[Collected data]
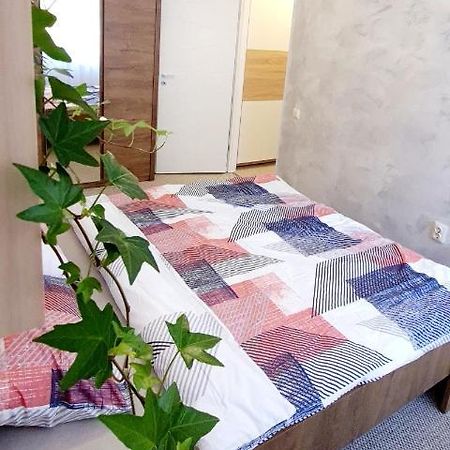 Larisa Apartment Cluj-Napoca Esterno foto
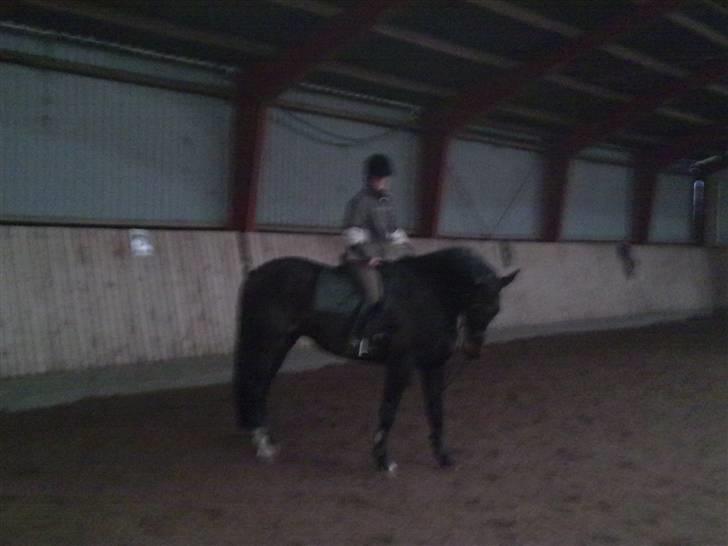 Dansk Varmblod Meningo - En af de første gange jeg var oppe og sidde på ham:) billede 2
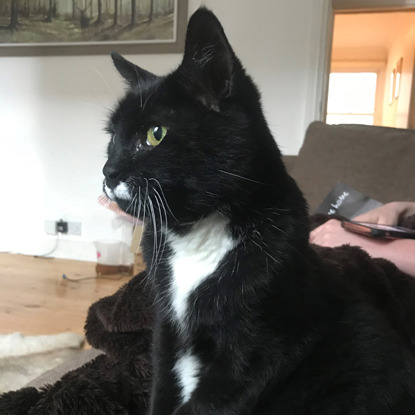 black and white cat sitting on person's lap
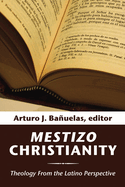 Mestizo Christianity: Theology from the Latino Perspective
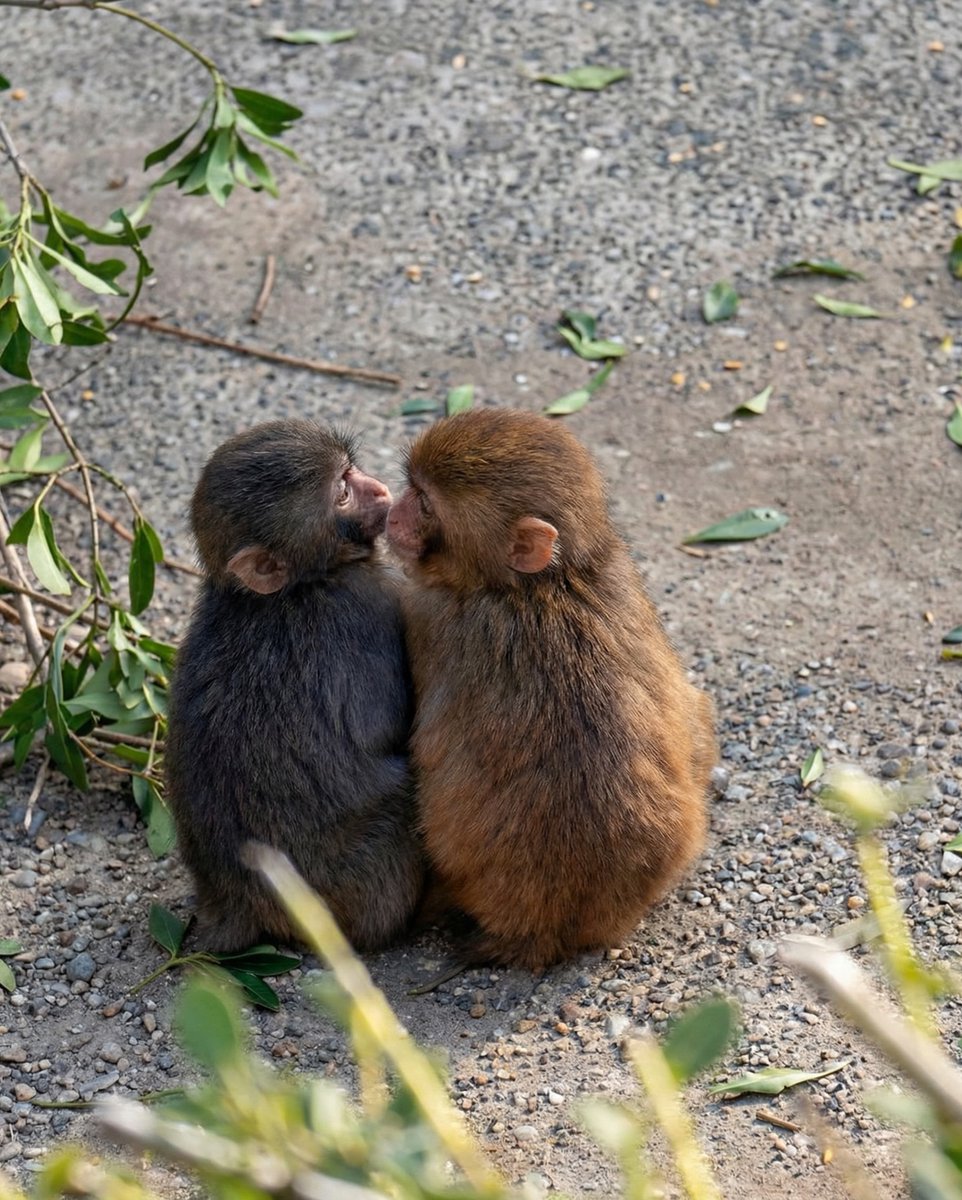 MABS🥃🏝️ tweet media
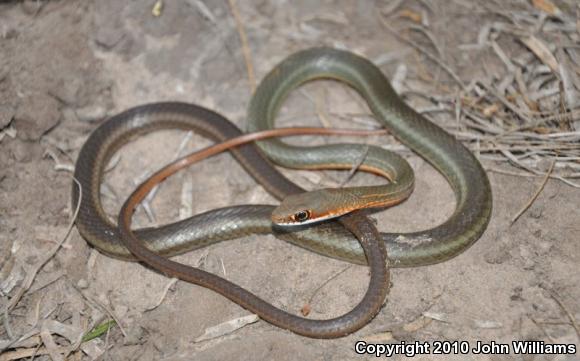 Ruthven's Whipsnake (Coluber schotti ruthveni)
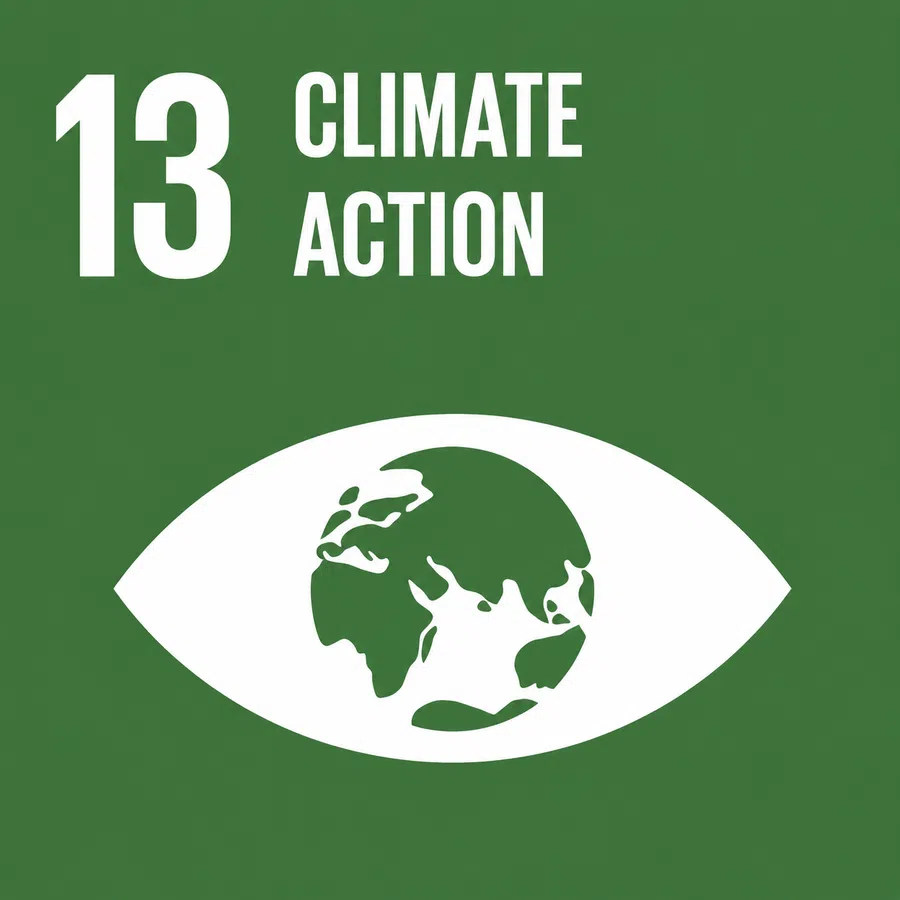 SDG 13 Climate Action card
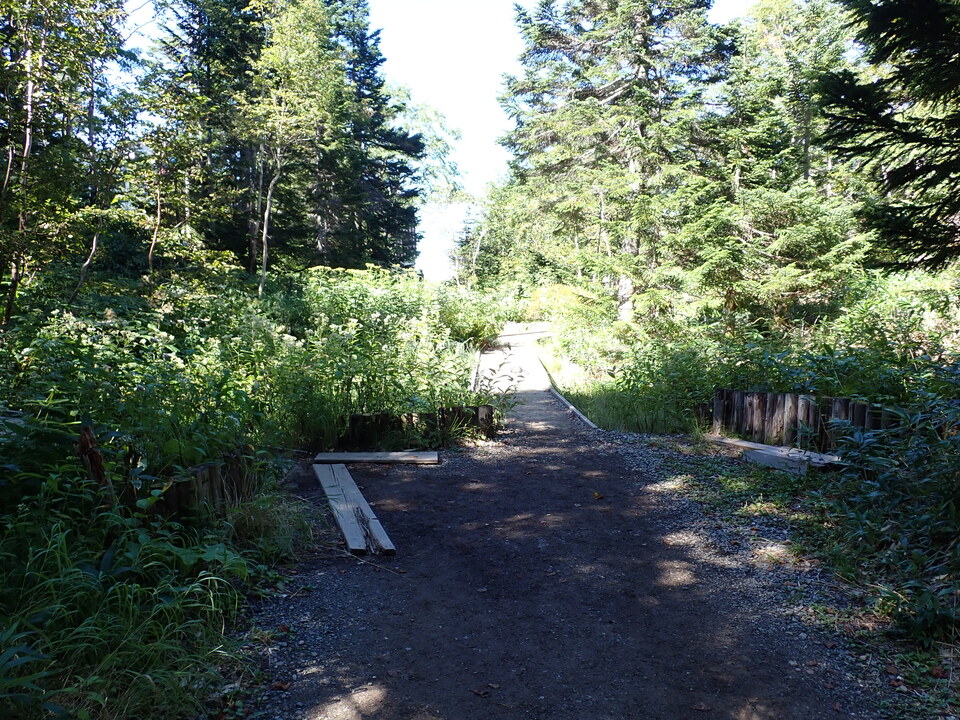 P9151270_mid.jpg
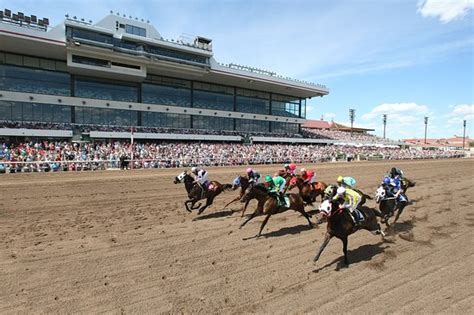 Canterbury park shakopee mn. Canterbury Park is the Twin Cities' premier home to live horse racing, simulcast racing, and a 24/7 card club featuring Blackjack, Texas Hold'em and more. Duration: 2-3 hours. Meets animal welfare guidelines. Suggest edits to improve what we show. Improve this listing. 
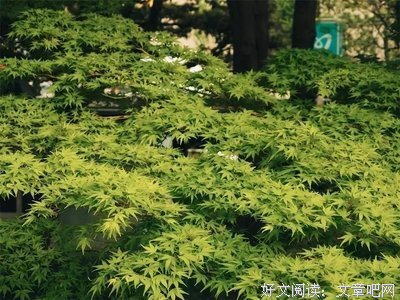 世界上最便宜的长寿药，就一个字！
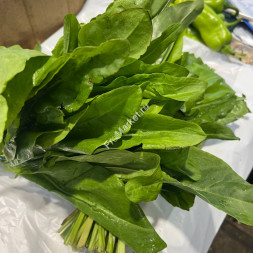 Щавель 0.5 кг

■ Problem description ■
Your answer must be an exact reproduction of all entries, containing no pictures.

■ Response box ■
 Larisa Apartment Cluj-Napoca Esterno foto
 Dansk Varmblod Meningo - En af de første gange jeg var oppe og sidde på ham:) billede 2
 black and white cat sitting on person's lap
 Mestizo Christianity: Theology from the Latino Perspective
 MABS🥃🏝️ tweet media
 Ruthven's Whipsnake (Coluber schotti ruthveni)
 SDG 13 Climate Action card
 P9151270_mid.jpg
 Canterbury park shakopee mn. Canterbury Park is the Twin Cities' premier home to live horse racing, simulcast racing, and a 24/7 card club featuring Blackjack, Texas Hold'em and more. Duration: 2-3 hours. Meets animal welfare guidelines. Suggest edits to improve what we show. Improve this listing. 
 世界上最便宜的长寿药，就一个字！
 Щавель 0.5 кг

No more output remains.